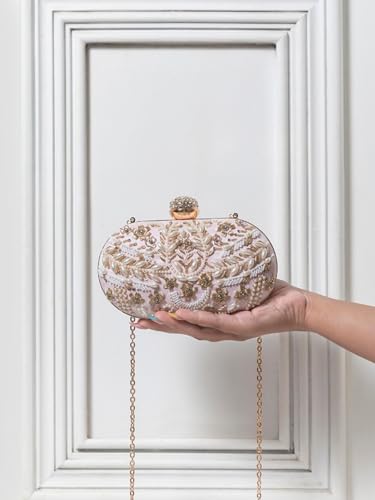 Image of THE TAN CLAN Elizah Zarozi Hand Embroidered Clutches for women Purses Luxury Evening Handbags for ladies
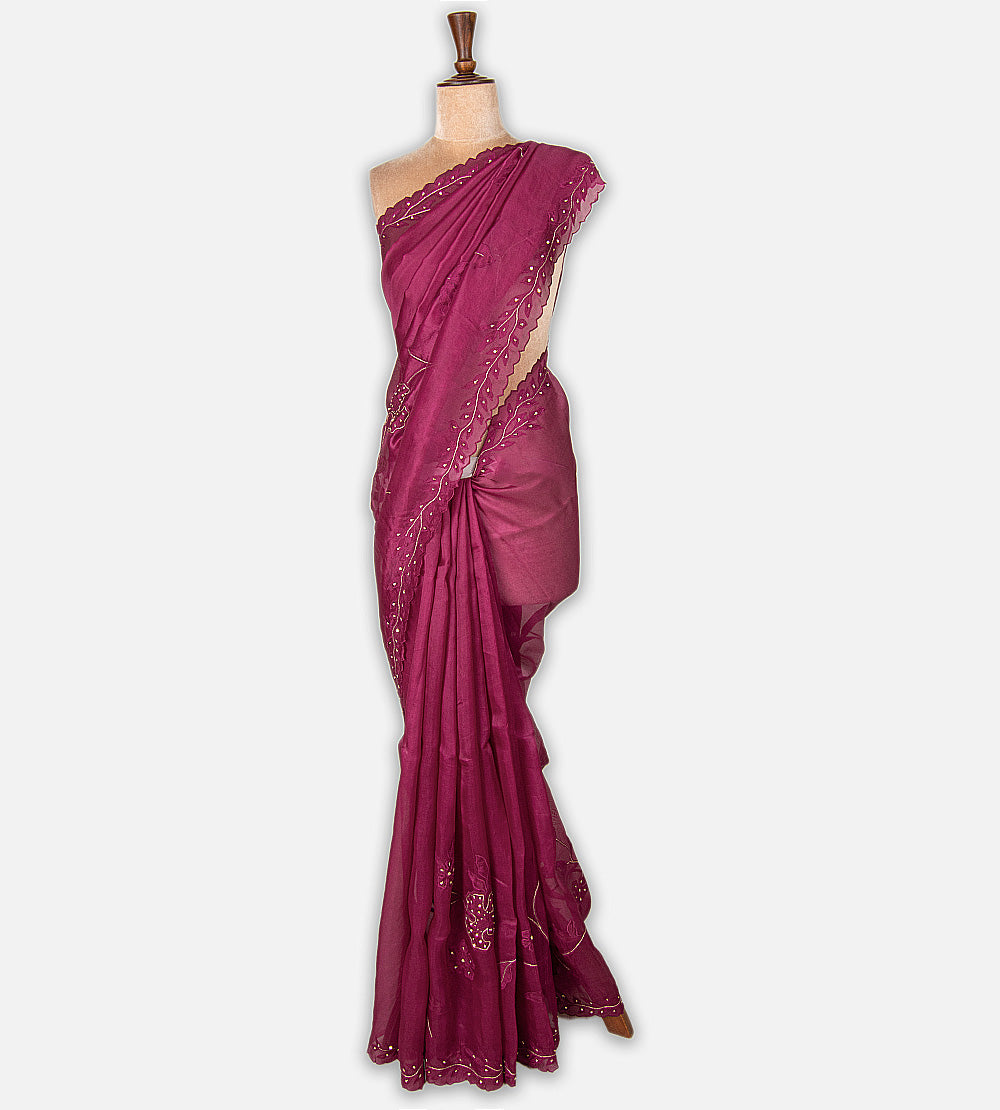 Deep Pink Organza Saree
==========
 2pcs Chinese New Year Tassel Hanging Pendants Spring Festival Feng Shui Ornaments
==========
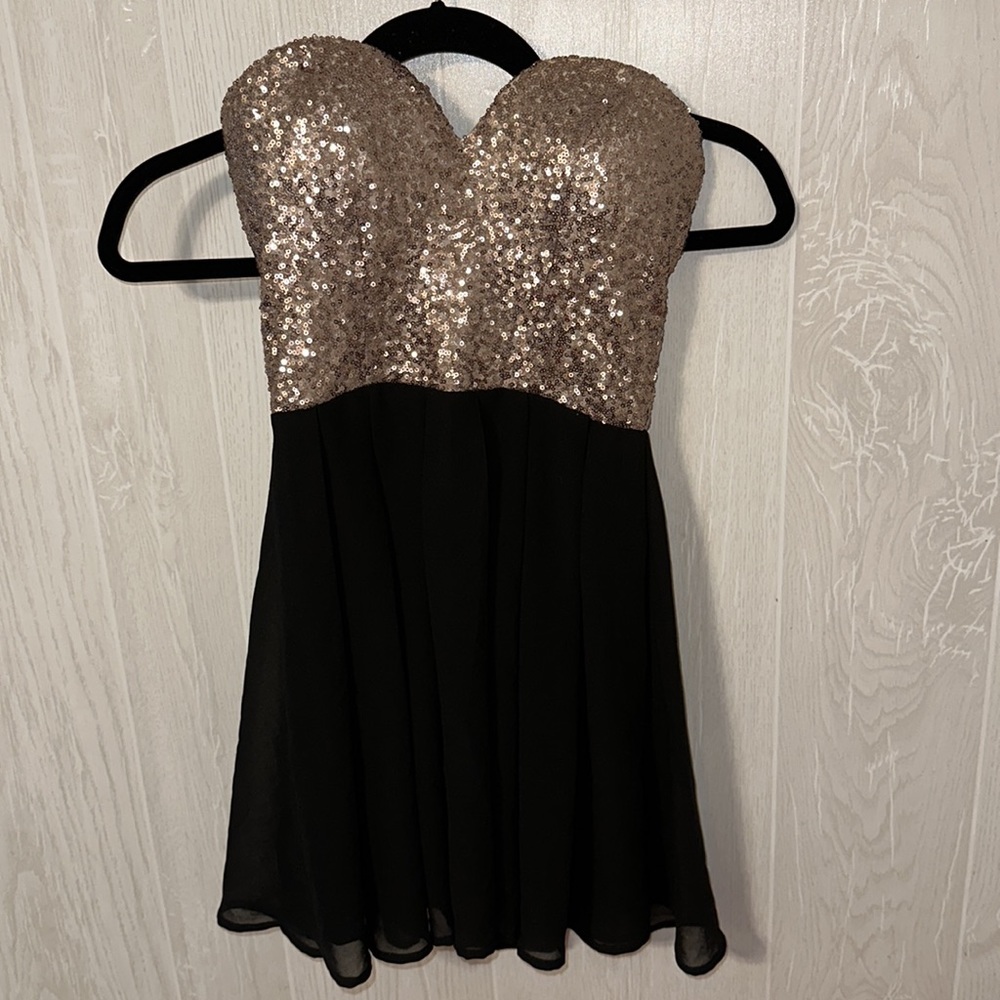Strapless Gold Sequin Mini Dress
==========
Task goal ▸ Leaving out the pictures, please output the lines in the entries above from the one with "Image of THE" through the one with "Deep Pink Organza Saree", exactly as they are.

Expected answer ▸
 Image of THE TAN CLAN Elizah Zarozi Hand Embroidered Clutches for women Purses Luxury Evening Handbags for ladies
 Deep Pink Organza Saree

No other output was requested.